Some Thoughts on Habits
Inspired by Teaching from the Balance Point by Ed Kreitman.
Whether your child is a young beginner or a veteran player, we always want to make sure that they form and maintain only the best habits while playing. However, this is much more easily said than done. Without proper care, your child’s playing could be adversely affected for years to come, so let’s make sure it’s right from the start!
The first thing to remember about habits is that wrong ones and right ones are formed with the same ease. After all, a habit is merely something we’re used to doing. A beginner who forms the right habits will have a much easier time progressing and learning, but even those with habits that need adjusting can change them with time.

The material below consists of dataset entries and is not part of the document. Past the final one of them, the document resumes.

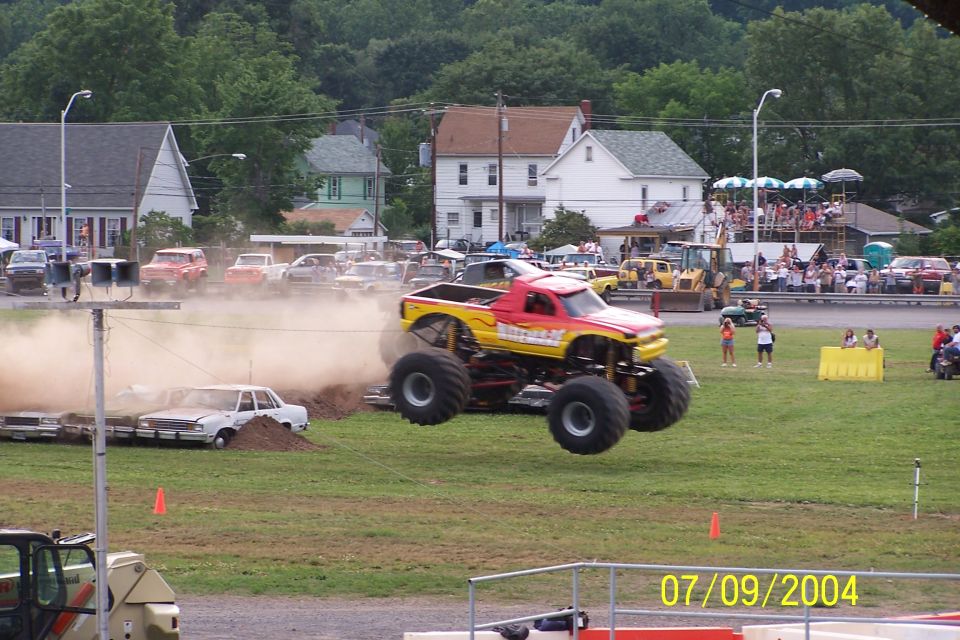 Monster truck mid-air over crushed cars, spectators in background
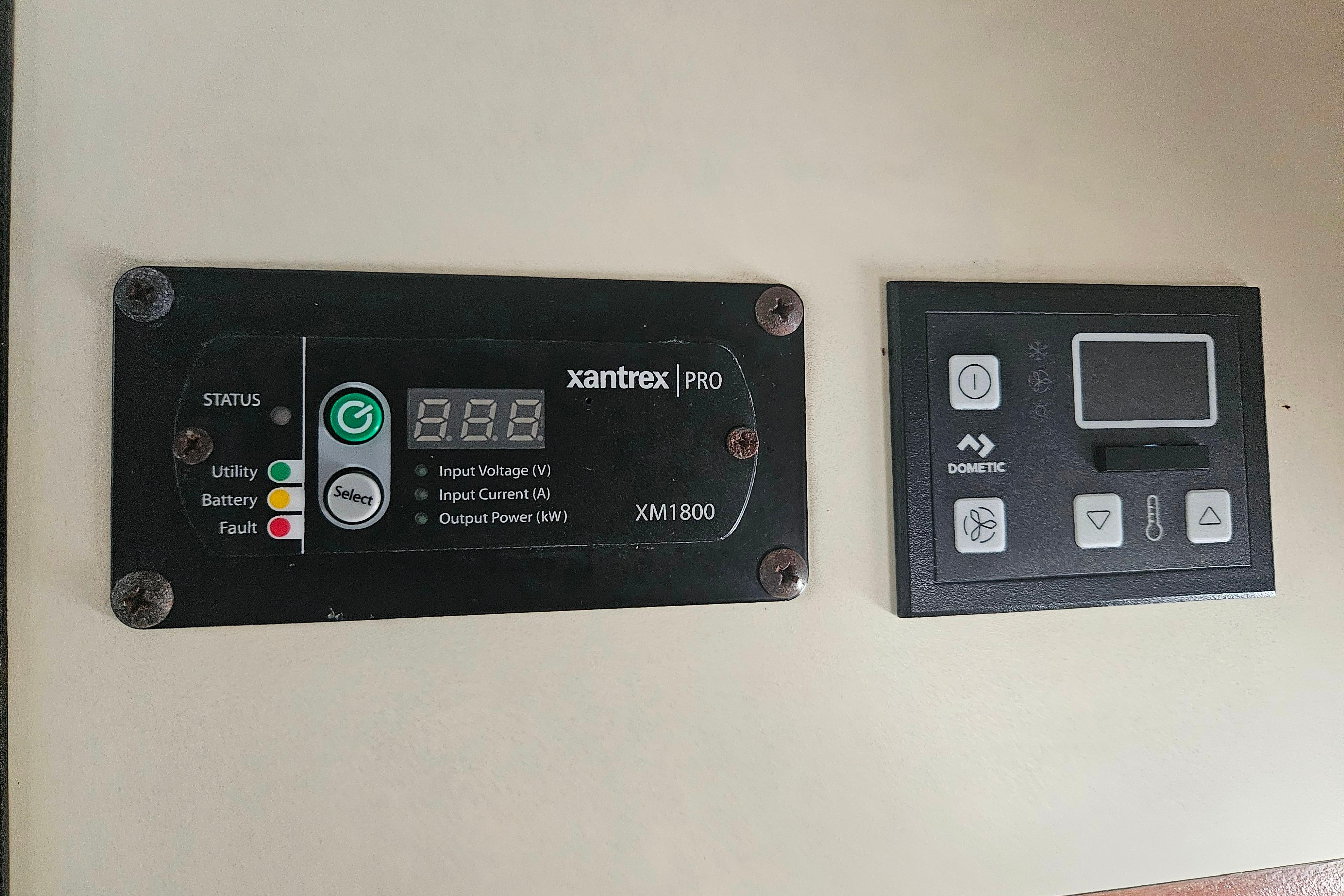 Control panels on a 1999 Albin 28 Tournament Express boat, featuring Xantrex and Dometic systems.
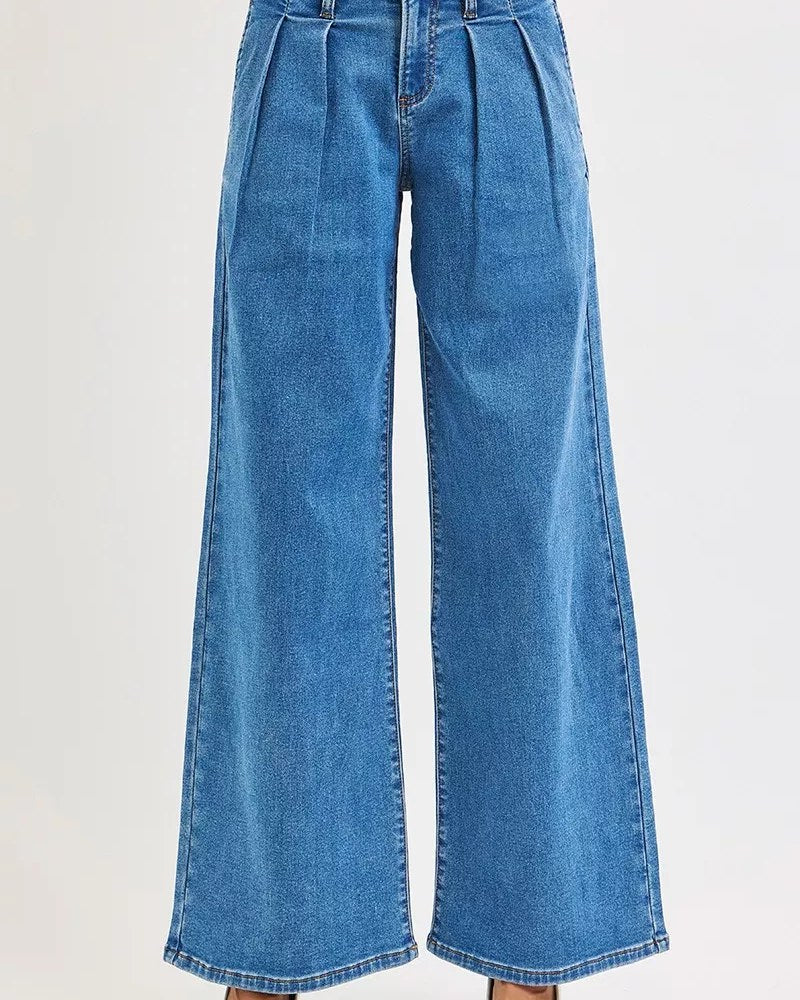 Medium-blue mid-rise pleated wide-leg jeans worn by a model
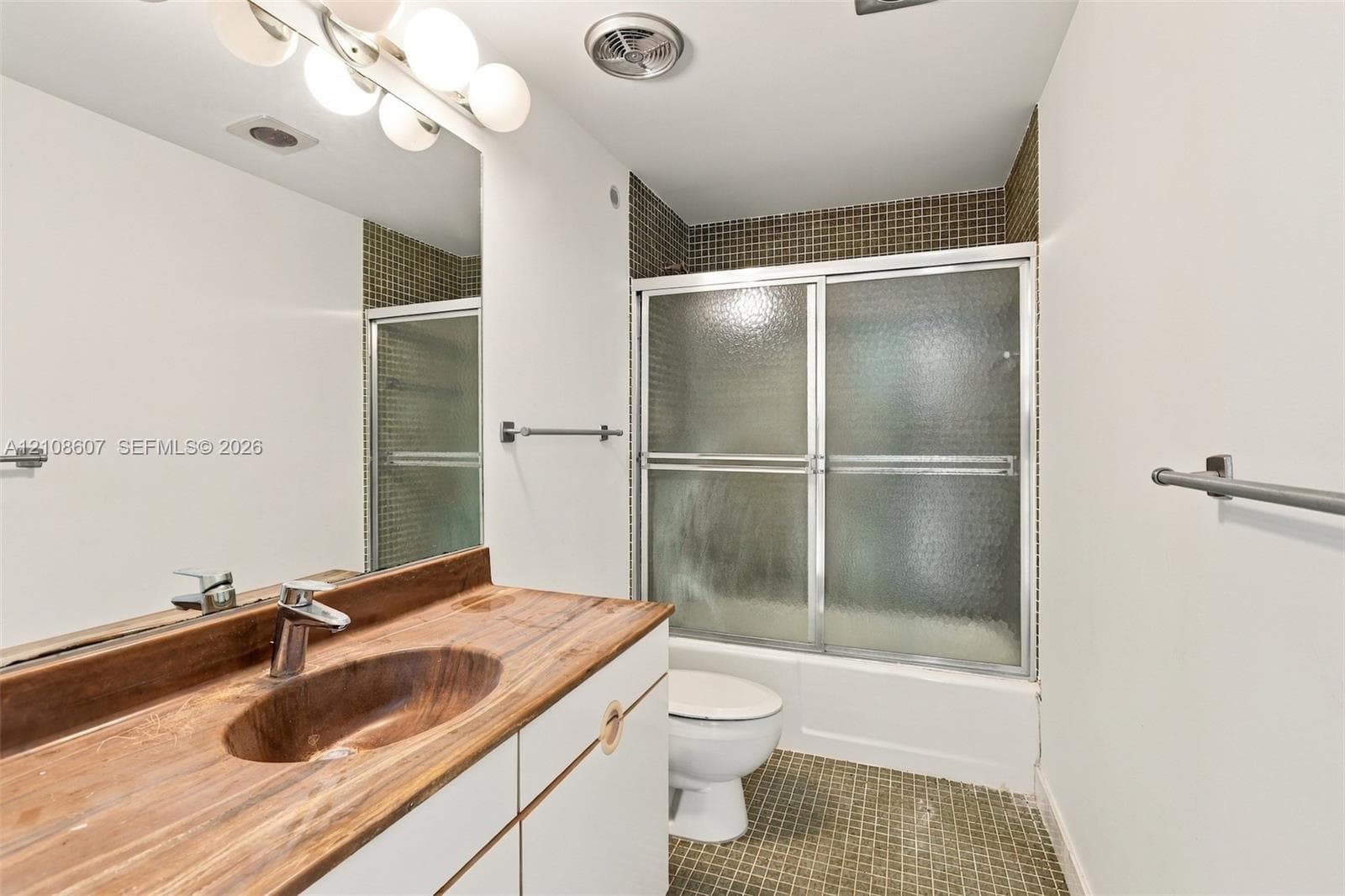 Bathroom featuring a wood-finish vanity countertop with an integrated oval sink, a wall-to-wall vanity mirror, a tub-shower combination with sliding glass doors, and tiled flooring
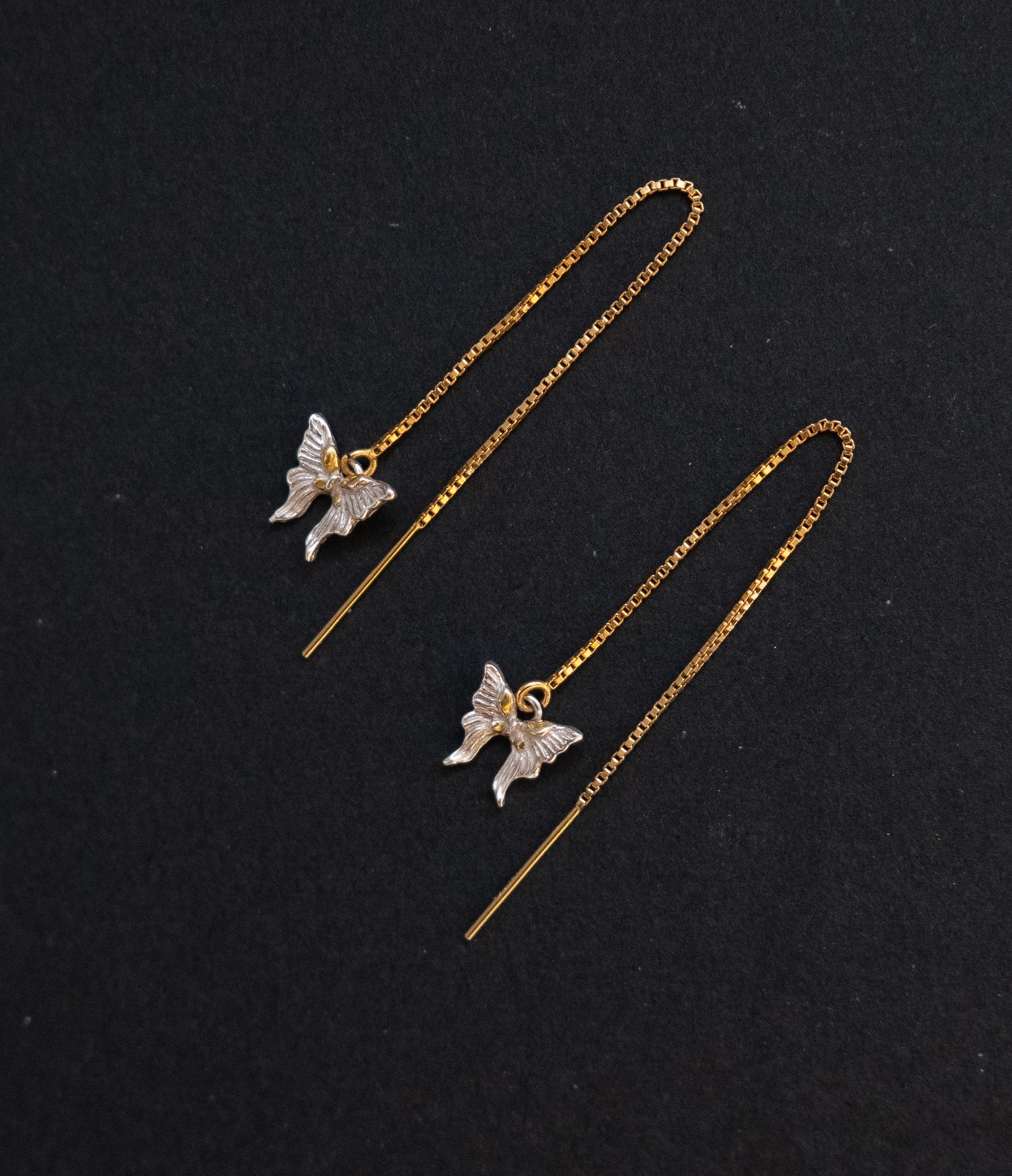 Butterfly-shaped earrings on thin gold chains against a black background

Kreitman likens habits to a thick, braided rope. Trying to change a habit by brute force would be like trying to sever this rope, and would seem like quite a daunting task. However, if you look at this rope very carefully, you’ll begin to see that it’s woven from tiny fibers. Each fiber is wound together with others to form strings, and those strings are then woven together to form the thick rope. If we first unwind the main rope into strings, and then unwind the strings into fibers, the rope becomes much easier to cut through or break!
Similarly, Kreitman says, we cannot change a wrong habit overnight. In order to change a habit, we must make hundreds of tiny adjustments. Each revision is like breaking a fiber from one of the strings that make up our rope. This cannot be done overnight! It requires persistence, dedication, and patience. Although it is difficult, when we put this work in, a beautiful thing begins to happen. Not only is the old habit unravelled, but we weave a new, strong piece of rope with the correct habit to replace it.
What does this mean for us? Firstly, each time your child learns a new technique, be sure that they have thoroughly mastered each detail. If they know all the aspects of the new idea, they are more likely to keep the right habit as they progress. For habits that need changing, remember the rope! Rather than trying to hack through the old habit by changing every part of it at once, focus on small adjustments and bits of progress. Be sure to celebrate every small change your child makes! It may feel slow, but your child’s progress will be happier and more comprehensive.